Prof Niklas Lindegardh (1), Director of the WWARN Pharmacology QA/QC Programme and Chairman of the Consensus Meeting, commented: “We hope that the report will be a reference document for investigators conducting clinical trials, for laboratories performing antimalarial drug assays, and for national malaria control programmes, study sponsors and regulatory authorities responsible for evaluating antimalarial drugs.” Contents cover bioanalytical methodology, sample collection and storage, core protocols for studies of pharmacokinetics and pharmacodynamics, and acceptance and evaluation criteria for each bioanalytical assay.

Following the development of the consensus methodology, the WWARN Pharmacology Module brought together 32 scientists actively involved in performing antimalarial pharmacokinetic assays and data analysis. The group met back in October 2011in South Africa to consider how the quality assayed data, generated by following the newly-published consensus methodology, might be analysed to answer outstanding questions on the relationship between patient populations, dosing, drug exposure and treatment response. Following this consensus meeting, a hands-on workshop involving emerging scientists used the agreed classical PK-PD analysis and population modelling approaches to analyse their own data set. Slide presentations from this workshop are available.

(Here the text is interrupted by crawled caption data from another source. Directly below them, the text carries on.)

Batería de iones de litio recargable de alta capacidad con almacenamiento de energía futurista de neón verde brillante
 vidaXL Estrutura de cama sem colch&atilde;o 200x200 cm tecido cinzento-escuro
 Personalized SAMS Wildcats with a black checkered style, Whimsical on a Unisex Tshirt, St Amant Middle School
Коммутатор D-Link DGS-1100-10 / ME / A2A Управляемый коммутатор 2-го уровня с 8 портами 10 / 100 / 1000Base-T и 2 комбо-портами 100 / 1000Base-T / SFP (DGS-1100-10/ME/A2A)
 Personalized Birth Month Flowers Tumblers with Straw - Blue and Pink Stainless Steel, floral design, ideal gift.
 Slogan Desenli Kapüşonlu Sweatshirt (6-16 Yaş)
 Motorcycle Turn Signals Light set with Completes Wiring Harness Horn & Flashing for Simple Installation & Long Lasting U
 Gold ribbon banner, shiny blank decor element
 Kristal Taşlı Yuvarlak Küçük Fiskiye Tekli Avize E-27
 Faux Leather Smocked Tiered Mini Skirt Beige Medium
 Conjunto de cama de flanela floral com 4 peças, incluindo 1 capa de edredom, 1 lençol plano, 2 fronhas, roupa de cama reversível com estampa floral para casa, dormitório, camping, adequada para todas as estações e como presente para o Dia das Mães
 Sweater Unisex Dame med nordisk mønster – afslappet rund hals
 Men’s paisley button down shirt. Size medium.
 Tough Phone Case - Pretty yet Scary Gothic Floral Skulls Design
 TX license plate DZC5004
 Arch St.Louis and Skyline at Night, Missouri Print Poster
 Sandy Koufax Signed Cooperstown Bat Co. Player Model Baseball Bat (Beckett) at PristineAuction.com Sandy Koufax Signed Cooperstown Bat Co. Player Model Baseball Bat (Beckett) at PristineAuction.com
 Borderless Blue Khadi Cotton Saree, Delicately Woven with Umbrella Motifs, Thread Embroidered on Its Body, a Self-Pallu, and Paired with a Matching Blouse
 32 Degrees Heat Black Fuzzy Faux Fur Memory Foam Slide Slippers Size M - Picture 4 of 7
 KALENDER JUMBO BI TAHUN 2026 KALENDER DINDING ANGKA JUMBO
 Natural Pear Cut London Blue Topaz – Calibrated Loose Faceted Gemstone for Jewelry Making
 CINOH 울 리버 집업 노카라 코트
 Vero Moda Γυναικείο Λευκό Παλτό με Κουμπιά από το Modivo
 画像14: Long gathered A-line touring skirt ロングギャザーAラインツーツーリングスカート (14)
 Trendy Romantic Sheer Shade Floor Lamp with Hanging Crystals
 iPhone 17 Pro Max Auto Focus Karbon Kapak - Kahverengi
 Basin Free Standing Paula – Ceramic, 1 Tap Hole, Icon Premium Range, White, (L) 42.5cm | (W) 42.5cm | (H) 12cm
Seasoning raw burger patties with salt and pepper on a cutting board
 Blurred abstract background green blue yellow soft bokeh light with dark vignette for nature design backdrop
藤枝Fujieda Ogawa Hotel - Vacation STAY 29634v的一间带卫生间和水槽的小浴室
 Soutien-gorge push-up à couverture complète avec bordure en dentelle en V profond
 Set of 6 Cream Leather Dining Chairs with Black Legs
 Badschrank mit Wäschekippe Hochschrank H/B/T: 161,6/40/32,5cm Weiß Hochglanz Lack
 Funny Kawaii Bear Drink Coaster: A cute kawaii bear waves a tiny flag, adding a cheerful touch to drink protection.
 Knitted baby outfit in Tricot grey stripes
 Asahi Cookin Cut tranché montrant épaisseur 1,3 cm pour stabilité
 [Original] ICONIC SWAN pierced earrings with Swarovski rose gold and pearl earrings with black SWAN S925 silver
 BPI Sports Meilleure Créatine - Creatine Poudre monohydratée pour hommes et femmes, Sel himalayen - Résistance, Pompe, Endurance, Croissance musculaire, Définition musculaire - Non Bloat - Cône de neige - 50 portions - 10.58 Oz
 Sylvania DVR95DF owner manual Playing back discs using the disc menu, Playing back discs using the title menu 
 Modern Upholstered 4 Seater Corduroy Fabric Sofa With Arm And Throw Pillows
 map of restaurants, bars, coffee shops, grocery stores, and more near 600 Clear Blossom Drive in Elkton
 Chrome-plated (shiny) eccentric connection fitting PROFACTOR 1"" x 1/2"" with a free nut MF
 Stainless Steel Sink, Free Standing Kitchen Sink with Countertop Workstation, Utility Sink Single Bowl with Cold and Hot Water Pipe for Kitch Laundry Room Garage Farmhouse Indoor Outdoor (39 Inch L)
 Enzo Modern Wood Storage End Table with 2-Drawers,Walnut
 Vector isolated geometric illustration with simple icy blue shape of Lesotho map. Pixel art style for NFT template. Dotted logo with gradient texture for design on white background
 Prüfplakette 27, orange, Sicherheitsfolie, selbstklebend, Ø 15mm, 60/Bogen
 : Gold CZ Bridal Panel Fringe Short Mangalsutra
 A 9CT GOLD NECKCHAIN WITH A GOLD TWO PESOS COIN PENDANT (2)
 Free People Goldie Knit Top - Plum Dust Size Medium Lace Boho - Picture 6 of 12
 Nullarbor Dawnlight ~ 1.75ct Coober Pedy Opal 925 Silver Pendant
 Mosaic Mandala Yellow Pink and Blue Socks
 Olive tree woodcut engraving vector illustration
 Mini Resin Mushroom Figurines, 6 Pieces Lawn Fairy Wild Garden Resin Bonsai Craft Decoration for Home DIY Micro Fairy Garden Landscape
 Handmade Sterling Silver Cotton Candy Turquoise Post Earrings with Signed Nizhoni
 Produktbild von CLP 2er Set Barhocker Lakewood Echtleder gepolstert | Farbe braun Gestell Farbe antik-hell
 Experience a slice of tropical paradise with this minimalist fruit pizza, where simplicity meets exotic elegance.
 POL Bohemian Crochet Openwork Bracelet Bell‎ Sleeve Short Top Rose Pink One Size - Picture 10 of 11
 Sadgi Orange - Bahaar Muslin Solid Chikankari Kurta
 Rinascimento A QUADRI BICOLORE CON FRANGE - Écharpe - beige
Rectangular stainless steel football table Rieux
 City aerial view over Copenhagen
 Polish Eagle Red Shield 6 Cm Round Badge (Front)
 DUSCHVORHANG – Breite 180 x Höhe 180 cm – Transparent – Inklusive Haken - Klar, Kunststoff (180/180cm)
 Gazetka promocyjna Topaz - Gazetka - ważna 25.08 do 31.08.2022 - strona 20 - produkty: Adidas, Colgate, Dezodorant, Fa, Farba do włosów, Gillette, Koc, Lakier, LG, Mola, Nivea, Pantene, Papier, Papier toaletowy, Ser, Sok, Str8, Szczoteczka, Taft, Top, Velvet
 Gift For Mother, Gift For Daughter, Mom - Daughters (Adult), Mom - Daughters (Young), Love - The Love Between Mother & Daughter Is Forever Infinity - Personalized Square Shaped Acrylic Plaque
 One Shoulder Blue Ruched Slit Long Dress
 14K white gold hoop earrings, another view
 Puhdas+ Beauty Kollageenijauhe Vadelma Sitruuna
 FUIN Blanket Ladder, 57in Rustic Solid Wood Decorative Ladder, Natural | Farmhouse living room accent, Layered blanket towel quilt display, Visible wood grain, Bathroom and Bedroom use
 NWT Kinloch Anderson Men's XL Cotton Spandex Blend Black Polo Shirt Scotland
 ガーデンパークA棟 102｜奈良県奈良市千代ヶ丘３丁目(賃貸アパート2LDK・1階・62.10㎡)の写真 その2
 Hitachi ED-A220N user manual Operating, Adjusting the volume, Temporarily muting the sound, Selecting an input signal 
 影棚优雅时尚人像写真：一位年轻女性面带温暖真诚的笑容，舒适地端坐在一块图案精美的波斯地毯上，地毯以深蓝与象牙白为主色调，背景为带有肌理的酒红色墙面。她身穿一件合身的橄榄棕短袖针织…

Enthusiastic about the outcome, Dr George O Adjei of the Center for Tropical Clinical Pharmacology and Therapeutics at the University of Ghana Medical School reflected, “The meeting provided an excellent opportunity to discuss some of the challenges in current malaria treatment with experienced investigators and practitioners in this field. The opportunity to learn from, and participate in, first-hand discussions on topics in the WHO/WWARN guidance document on Methods and techniques for assessing exposure to antimalarial drugs in clinical field studies was insightful and helpful. It was also refreshing that the organizers actively reached out to individuals from malaria endemic countries, like myself. The meeting was one of my best experiences so far.”

(1) Professor Niklas Lindegardh died suddenly on January 18, 2012 after this article was written. He is remembered in a special condolence message.